#### Task:
Reproduce each line from the records that holds "Chapter".
══ Data supplied
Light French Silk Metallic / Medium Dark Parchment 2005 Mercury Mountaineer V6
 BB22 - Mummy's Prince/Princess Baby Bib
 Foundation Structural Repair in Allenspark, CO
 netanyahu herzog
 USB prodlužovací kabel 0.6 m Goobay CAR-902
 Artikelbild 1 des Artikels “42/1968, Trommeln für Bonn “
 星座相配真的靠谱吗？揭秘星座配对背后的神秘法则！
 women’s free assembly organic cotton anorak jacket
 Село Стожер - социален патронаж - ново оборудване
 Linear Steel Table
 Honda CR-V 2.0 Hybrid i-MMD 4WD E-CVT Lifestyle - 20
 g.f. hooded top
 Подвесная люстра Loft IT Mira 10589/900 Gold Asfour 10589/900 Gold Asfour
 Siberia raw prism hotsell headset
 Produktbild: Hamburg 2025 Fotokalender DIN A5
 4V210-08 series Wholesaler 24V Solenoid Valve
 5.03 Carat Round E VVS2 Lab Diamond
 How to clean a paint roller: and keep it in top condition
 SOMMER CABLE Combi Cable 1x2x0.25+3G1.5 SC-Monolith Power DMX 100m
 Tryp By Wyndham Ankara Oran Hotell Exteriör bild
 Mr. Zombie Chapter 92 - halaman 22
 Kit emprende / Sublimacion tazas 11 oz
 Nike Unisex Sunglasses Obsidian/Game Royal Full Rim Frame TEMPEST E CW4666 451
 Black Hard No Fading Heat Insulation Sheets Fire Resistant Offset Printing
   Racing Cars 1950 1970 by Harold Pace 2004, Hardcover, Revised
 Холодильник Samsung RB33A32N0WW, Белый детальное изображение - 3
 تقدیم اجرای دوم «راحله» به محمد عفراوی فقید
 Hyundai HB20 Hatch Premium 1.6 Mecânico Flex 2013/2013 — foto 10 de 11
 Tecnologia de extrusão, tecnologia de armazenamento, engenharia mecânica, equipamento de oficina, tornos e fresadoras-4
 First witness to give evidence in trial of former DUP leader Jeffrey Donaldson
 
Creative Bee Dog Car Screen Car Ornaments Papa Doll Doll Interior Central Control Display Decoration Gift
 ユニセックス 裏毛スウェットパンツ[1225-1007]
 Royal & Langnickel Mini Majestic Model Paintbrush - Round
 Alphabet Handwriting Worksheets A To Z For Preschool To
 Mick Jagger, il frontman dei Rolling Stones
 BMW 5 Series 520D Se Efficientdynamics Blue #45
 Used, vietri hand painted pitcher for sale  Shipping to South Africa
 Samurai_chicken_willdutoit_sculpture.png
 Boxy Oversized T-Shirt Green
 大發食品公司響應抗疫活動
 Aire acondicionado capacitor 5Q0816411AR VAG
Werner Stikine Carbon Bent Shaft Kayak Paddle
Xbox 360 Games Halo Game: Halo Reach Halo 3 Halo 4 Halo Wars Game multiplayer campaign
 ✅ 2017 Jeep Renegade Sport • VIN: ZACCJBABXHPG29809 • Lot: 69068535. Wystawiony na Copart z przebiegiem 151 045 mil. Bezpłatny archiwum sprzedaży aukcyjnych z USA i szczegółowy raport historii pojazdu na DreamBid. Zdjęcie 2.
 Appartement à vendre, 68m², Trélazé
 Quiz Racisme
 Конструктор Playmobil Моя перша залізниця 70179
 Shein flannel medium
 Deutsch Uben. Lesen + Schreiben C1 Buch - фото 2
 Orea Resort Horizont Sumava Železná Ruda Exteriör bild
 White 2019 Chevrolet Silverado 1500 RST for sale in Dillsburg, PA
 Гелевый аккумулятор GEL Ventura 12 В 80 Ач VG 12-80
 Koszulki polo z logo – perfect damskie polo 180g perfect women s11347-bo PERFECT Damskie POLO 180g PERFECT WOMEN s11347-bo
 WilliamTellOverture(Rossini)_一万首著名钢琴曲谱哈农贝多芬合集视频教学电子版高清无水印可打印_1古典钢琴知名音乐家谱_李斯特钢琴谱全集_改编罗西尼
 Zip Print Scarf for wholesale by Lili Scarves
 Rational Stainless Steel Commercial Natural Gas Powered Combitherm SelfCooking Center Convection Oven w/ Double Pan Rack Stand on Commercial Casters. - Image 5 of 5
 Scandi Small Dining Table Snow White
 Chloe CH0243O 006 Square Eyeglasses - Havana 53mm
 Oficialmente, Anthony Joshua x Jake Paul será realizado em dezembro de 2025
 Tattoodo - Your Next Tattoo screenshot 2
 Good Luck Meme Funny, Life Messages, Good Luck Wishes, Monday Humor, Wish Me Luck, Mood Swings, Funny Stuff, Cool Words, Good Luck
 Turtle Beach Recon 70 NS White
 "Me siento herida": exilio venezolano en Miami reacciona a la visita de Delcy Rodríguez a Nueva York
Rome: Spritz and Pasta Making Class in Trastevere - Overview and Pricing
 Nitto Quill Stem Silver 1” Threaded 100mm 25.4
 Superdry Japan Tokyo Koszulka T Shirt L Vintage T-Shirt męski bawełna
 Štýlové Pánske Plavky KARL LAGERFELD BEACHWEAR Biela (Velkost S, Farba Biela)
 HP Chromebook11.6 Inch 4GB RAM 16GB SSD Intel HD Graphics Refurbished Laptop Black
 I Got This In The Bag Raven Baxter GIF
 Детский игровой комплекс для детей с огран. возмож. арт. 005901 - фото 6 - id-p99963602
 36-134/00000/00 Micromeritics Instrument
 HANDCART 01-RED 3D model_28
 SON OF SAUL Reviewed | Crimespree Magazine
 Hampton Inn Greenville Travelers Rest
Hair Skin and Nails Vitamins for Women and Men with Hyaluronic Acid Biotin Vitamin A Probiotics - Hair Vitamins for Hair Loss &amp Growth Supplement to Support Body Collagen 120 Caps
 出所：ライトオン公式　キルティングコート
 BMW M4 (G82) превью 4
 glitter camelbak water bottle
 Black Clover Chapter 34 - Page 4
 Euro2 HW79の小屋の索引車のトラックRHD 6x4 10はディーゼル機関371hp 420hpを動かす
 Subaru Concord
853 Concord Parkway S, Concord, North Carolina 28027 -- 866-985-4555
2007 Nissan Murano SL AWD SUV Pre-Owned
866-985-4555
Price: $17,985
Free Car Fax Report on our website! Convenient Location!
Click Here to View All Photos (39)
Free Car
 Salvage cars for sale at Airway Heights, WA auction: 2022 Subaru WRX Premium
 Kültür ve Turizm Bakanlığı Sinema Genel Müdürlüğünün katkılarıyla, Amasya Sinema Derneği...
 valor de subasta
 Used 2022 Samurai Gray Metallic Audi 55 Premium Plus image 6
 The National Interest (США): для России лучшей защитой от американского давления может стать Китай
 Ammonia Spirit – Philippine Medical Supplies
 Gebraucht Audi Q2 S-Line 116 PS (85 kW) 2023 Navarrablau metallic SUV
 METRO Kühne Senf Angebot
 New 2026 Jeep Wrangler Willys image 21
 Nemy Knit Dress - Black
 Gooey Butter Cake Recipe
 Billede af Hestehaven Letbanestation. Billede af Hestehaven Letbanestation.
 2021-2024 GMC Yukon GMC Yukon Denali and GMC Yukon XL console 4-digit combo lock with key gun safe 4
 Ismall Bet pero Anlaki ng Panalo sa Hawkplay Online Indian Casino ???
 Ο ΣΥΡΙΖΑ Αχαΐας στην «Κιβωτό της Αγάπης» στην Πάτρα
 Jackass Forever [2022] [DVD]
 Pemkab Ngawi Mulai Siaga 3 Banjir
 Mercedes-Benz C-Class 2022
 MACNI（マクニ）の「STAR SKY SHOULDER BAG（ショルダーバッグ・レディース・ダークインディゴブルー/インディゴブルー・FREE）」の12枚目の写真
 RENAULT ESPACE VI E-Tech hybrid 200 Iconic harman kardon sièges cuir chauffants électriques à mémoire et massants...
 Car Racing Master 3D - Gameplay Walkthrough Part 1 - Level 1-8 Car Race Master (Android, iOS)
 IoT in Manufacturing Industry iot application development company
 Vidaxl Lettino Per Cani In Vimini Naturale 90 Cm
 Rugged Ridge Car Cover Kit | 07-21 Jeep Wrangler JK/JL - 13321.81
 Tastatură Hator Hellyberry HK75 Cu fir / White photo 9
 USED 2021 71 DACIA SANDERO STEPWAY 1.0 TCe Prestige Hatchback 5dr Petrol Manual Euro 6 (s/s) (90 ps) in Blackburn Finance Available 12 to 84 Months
════
#### Task output:
 Mr. Zombie Chapter 92 - halaman 22
 Black Clover Chapter 34 - Page 4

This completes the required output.